What is being asked:
Copy the material below verbatim from the line with "Geodude (87/214) [Sun" to the line with "Women’s Swim Bottom", both lines included, omitting pictures and every line outside that range.

Provided data:
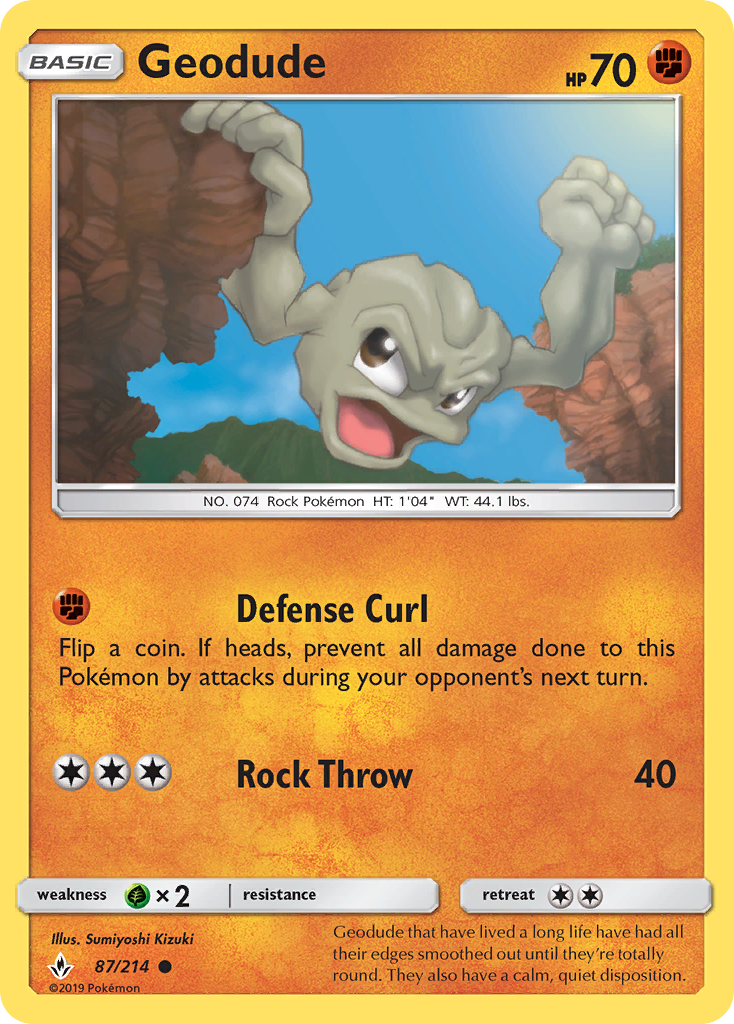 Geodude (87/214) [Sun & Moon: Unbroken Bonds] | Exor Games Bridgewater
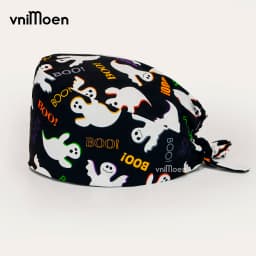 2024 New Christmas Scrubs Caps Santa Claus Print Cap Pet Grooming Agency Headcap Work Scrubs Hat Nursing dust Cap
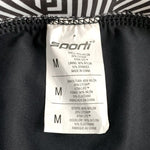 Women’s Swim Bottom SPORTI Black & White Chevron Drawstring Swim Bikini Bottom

---

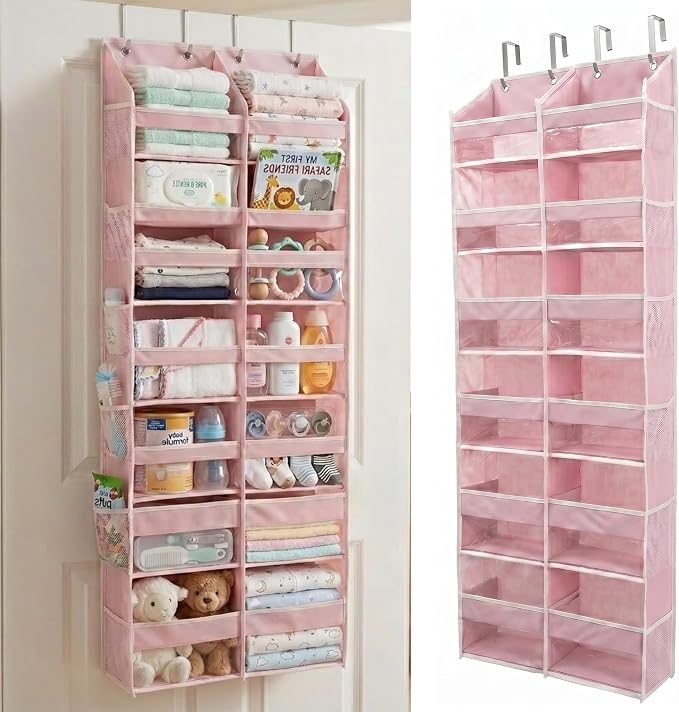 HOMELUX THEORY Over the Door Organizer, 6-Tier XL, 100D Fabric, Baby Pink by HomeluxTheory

Answer to this exercise:
 Geodude (87/214) [Sun & Moon: Unbroken Bonds] | Exor Games Bridgewater
 2024 New Christmas Scrubs Caps Santa Claus Print Cap Pet Grooming Agency Headcap Work Scrubs Hat Nursing dust Cap
 Women’s Swim Bottom SPORTI Black & White Chevron Drawstring Swim Bikini Bottom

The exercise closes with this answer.